Auch Nordrhein-Westfalens Integrationsminister Armin Laschet äußerte sein Bedauern: „Dass sie jetzt die Konsequenzen gezogen und ihre Anwaltszulassung zurückgeben hat, ist menschlich nur allzu verständlich“, sagte Laschet. Dies sei aber „auch ein Verlust für all jene, die weltweit für die Rechte der Frauen kämpfen. Die Verletzung von Frauenrechten verstößt gegen unsere Verfassung.“

Der Deutsche Juristinnenbund forderte Berlins Innensenator Ehrhart Körting auf, Ates Personenschutz zu geben. „Personenschutz bekommen viele, die sich lediglich wichtig fühlen. Seyran Ates ist wichtig“, sagte die Vorsitzende des Juristinnenbundes, Jutta Wagner. „Wir fordern von Migranten stets, dass sie sich an die Gesetze halten. Dazu gehört auch, dass Männer es akzeptieren, wenn ihre Frauen sich von ihnen trennen und dass sie Unterhalt zahlen.“ Der Verband will eine Solidaritätsaktion für Ates starten.

Der Bundesverband der Migrantinnen sagte, man respektiere Ates’ Entscheidung. Es sei „verständlich, dass sie sich nach ihren Erfahrungen dazu gezwungen sah“, sagte die Bundesvorsitzende Sidar Demirdögen. Was ihr widerfahren sei, habe seinen Grund in „patriarchalischen Mentalitäten, die gebrochen werden müssen“.
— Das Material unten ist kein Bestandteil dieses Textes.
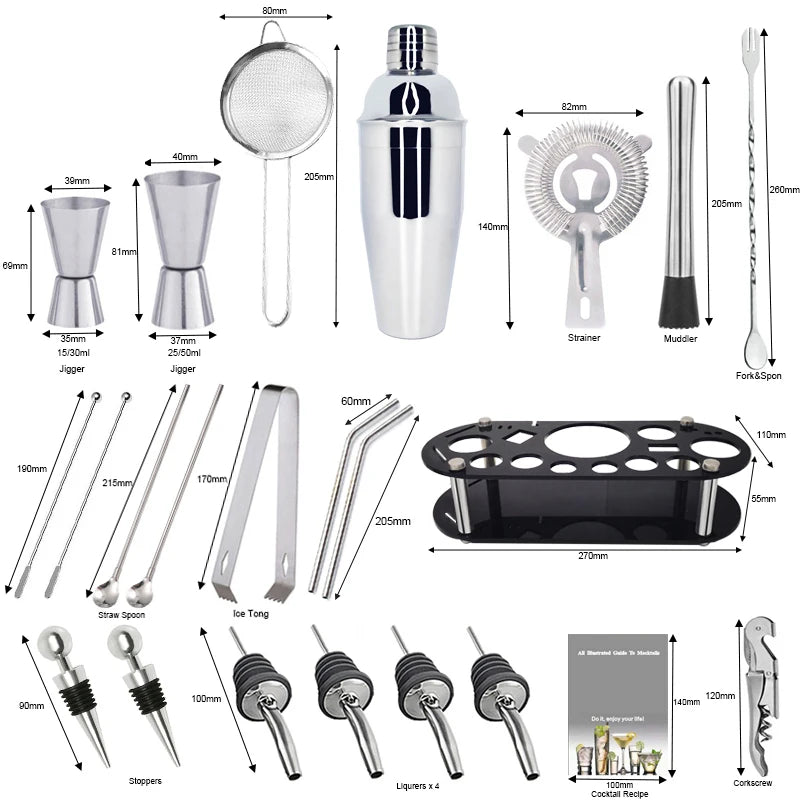 Premium Stainless Steel Cocktail Shaker Set with Bamboo Stand – 13 or 22 Piece Bartender Kit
In den türkischen Medien bleibt die Resonanz allerdings gering. Nicht einmal dem im Bezirk Wedding ansässigen türkisch-deutschen Kabelsender TD1 war das Schicksal von Seyran Ates – bis zum Redaktionsschluss am Montag – eine Nachricht wert. Auch die Nachrichtenlage in den türkischen Zeitungen, die in den Berliner Kiosken verkauft werden, war seit Bekanntwerden der Kanzleiauflösung dürftig. Nur die Hürriyet hat berichtet, dass „Ates das Handtuch geworfen hat“. Informiert waren gestern daher nur die Türken, die auch deutsche Medien nutzen. „Ich bedauere sehr, dass sie ihren Kampf aufgegeben hat“, sagte gestern der Vorsitzende der Türkischen Gemeinde zu Berlin, Tacittin Yatkin. Allerdings könne er verstehen, dass sie sich unsicher fühle.